We have one song half done at the studio. It borrows chords from “Autumn Leaves,” which is also what Sting did once. We all decide we hate Sting. After playing the song back, the bass player expresses reverence for the drummer in Sting’s first band, The Police. Stewart Copeland. We agree that he was a superb player, even if the songs annoy us—the hard-landing rhymes and too-sing-songy melodies. Then we fall silent, realizing we are back to the problem of drummers. 

The record contract never happens. 

We take on more hours at the office. Our kids are in middle school. The kids want to play music that is opposite to ours. Punk maybe? Hard to tell genres now. 

Some of our kids rebel by becoming athletes. 

At a rehearsal for a one-off gig (perhaps a return to form?) the bass player can no longer play for more than twenty minutes. His callouses are gone and the finger muscles are atrophied. 

Then the bass player is in the hospital. He has a bad heart. The bass player dies.

We hear some of our old performances at his memorial, which takes place in that same neighborhood as the hot pavillion from all those years ago. Someone has put the cloudy videos of the old days up on Youtube. Later we find out who, and ask to take them down. But for now, the bass player’s wife looks brave but sleepless. She tells us we were so special to him. We see ourselves in the photo montage that plays on repeat in the church hall. We look so young in some of the photos, we think we must be in high school—that too floppy hair, the acne peaking out from our bangs, our arms thin like poultry bones but lithe, ready. That readiness is gone now.

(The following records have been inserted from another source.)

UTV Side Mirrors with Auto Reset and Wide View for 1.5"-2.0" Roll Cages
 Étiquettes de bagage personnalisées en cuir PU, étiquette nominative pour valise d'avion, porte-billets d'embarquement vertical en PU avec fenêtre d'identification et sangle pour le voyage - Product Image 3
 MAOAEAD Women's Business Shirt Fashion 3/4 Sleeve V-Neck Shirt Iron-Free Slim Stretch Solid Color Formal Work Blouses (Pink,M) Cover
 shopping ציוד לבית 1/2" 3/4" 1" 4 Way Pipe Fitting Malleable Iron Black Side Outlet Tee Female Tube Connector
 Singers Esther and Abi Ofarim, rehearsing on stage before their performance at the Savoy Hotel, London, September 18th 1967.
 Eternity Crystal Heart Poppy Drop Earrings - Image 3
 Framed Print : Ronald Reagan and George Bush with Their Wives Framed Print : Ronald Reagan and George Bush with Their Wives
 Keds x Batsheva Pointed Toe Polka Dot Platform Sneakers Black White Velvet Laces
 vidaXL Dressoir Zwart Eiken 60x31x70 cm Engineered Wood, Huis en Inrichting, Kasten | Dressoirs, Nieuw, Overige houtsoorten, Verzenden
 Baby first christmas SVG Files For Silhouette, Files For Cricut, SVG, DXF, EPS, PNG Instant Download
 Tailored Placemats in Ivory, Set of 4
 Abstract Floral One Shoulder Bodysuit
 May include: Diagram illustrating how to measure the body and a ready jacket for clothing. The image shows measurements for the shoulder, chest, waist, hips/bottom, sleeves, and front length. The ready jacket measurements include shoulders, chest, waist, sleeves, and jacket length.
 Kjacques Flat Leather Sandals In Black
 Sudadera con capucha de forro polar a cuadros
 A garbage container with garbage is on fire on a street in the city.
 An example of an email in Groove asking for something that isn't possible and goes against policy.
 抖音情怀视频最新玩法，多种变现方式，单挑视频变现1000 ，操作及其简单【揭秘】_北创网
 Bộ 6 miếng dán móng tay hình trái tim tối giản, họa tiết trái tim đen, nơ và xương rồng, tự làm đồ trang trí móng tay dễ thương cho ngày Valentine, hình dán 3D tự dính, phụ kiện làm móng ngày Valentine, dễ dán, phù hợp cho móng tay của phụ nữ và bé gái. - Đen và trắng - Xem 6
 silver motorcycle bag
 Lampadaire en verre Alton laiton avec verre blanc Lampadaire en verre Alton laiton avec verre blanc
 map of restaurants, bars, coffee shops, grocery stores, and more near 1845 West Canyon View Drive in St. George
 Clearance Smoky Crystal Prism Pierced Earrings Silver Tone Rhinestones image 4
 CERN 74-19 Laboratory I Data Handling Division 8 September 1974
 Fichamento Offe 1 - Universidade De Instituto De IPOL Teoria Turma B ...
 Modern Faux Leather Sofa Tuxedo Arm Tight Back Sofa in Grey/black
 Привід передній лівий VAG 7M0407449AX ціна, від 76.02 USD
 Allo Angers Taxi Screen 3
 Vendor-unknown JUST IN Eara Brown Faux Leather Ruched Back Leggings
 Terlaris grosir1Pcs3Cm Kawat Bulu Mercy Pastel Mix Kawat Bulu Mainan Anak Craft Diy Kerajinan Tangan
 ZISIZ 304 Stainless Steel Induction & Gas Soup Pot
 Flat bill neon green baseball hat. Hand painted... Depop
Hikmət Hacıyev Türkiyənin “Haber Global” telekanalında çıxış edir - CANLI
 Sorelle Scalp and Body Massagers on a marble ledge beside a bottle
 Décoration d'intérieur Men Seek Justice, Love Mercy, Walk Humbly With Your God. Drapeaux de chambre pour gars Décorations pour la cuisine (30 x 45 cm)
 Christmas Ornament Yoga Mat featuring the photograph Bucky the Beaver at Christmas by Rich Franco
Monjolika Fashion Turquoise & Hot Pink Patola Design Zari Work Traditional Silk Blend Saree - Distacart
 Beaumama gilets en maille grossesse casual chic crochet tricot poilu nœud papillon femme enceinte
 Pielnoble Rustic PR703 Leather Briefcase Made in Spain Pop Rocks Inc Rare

We put away the instruments. We even sell some on Craigslist. Some we hide, like outfits we’ll wear again when we lose the weight.

Most of our kids do well in school. Some kids struggle. One has a hard time the year we separate from our spouse. This kid has a lot of problems. On the other hand, we allow ourselves to wonder if this kid is the one destined for artistic greatness. Meantime, this kid has to do group on Wednesdays and is in an outpatient program. 

We see the good drummer in the stands at a high school football game. We approach him as he is purchasing popcorn. He is married, but not to the woman who was part of our scene. His parents live in our city. He has a child in the game—the first girl to play football for the school that is the team opposing our kid’s, the child of ours who is good both in behavior and academics, and may get a sports scholarship. 

The good drummer invites us to play at the rec center where he plays. 

We show up, instruments in tow, taken from hiding. It is a Saturday ritual for him. And senior citizens. We have gray hair now, though some of us dye it. But the big band at the rec center is a sea of gray hair. 

The tottering man who plays trumpet and leads the band calls the first tune. “Autumn Leaves.” We try to jump in, but need to tune up first and it’s hard to do it while the band plays.